What is surprising to European eyes is that the fulminations of the anti-imperialist left should be matched – with almost perfect symmetry – on the isolationist right. In his book
A Republic, Not an Empire: Reclaiming America
, Pat Buchanan issued the solemn warning: ‘Our country is today travelling the same path that was trod by the British Empire – to the same fate ... If America is not to end the coming century the way the British ... ended this one, we must learn the lessons history has taught us’. For Buchanan, as for Vidal, overseas adventures subvert the ethos of the original, pure-of-heart republic in order to further the interests of sinister special interests. The remedy is to cease ‘running around on these moral crusades’ and bring American troops back home.

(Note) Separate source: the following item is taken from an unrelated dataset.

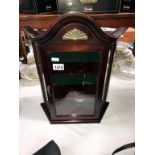 A small mahogany display cabinet with glass front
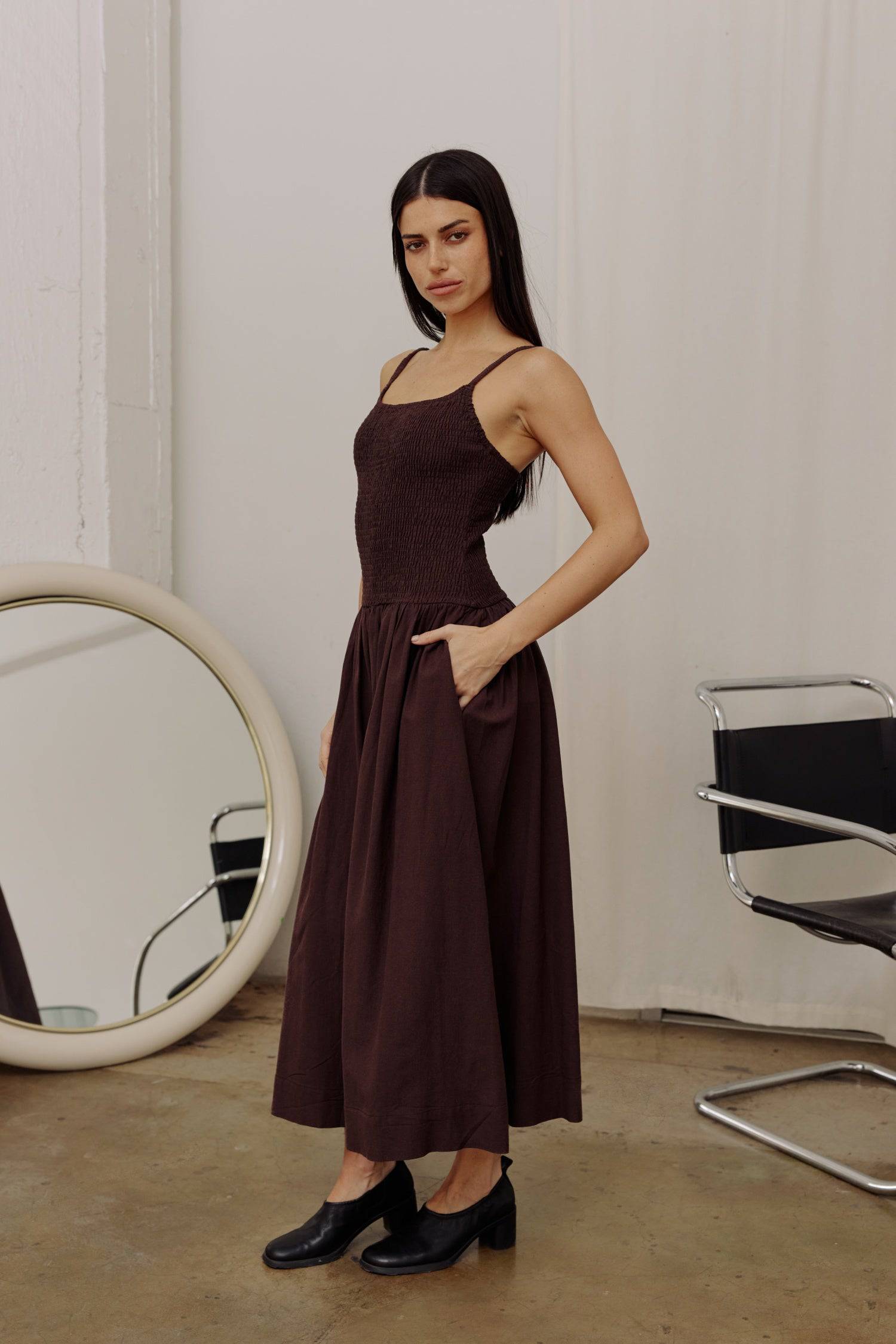 8346250805469, The Marcella Dress, Dress, All Row, brown,Casual,cf-color-chestnut,cf-color-natural,cf-color-white,cf-size-l,cf-size-m,cf-size-s,cf-vendor-all-row,Chestnut Brown,Comfort,Comfortable,dark brown,Feminine,Midi,Midi Dress,midi length,Minimal,minimalist,natural,new,Pockets,Semi-Formal,side pockets,Sleeveless,Sleeveless Dress,Slight Flare,Smocked,Spring,versatile,white,Womens, Information Meet The Marcella Dress, a stunning smocked dress that boasts a midi length with a fit and flare design that en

By comparison, only a minority of commentators in the United States view the British imperial example as one worthy of emulation. Thomas Donnelly of the Project for the New American Century explicitly models his proposed twenty-first century pax americana on the pax britannica of Queen Victoria’s reign. Max Boot of the
Wall Street Journal
has argued that America should be providing anarchic countries like Afghanistan with ‘the sort of enlightened foreign administration once provided by self-confident Englishmen in jodhpurs and pith helmets’. In Boot’s words: ‘The chaotic post – Cold War environment resembles that of the post-Napoleonic world, with the United States thrust willy-nilly into Britain’s old role as globocop’. Similar parallels have been drawn by Robert Kaplan, who sees the British campaign in the Sudan in 1898 as the precursor of recent American exercises in ‘asymmetrical warfare’. Even Joseph Nye – no proponent of the unilateral flexing of American muscle – believes ‘the US can learn a ... useful lesson from the period when Britain held primacy among the global powers’.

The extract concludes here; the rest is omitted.